[Prompt]
Beginning with the line that contains "Хлорофитум хохлатый сорт Виттатум", copy each subsequent line of the data below through the last one, including both ends but not the pictures.

[Given information]
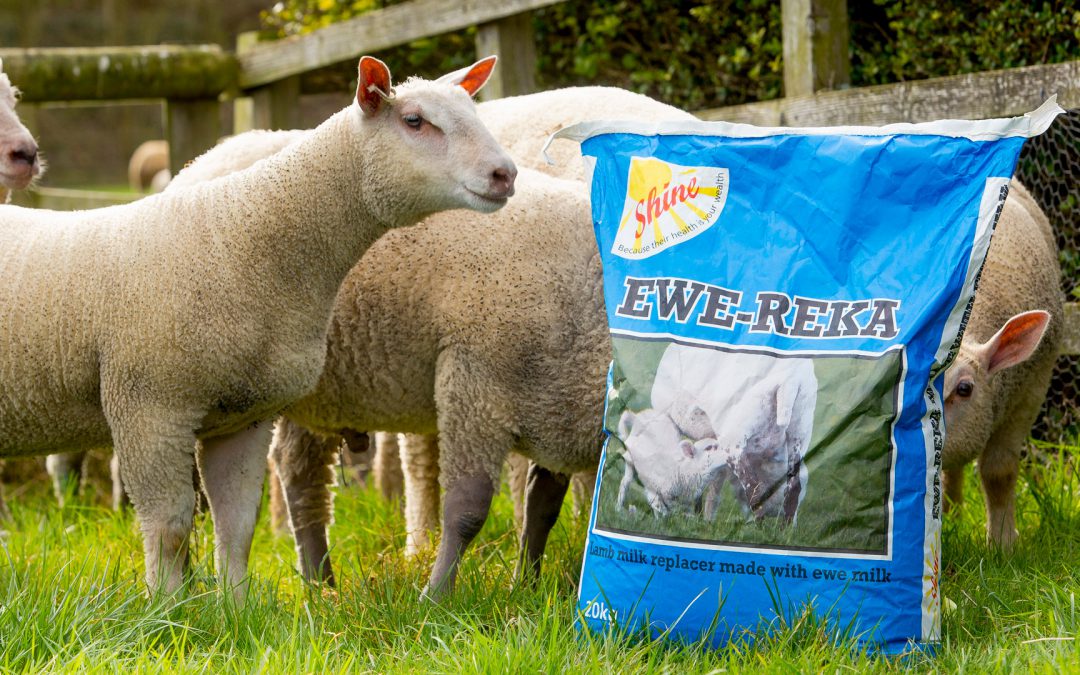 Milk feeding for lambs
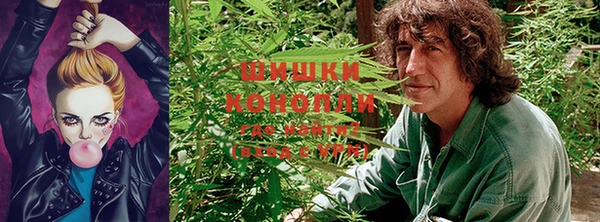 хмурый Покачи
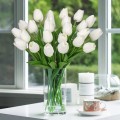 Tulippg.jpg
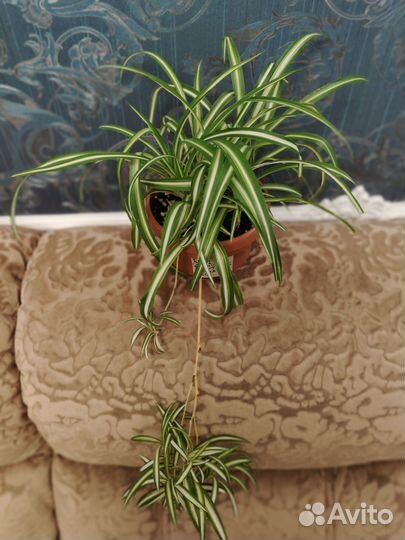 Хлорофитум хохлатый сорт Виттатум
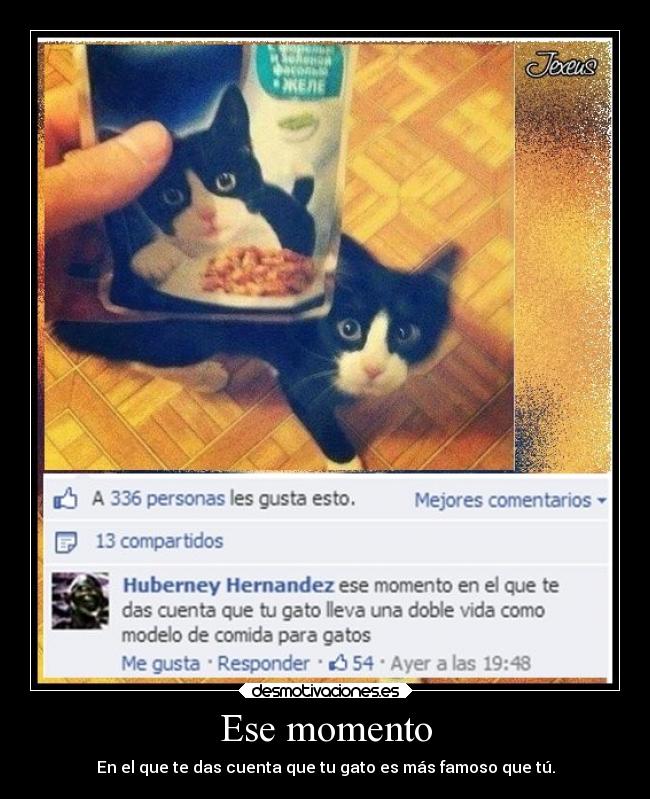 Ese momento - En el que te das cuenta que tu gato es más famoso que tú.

[Task result]
 Хлорофитум хохлатый сорт Виттатум
 Ese momento - En el que te das cuenta que tu gato es más famoso que tú.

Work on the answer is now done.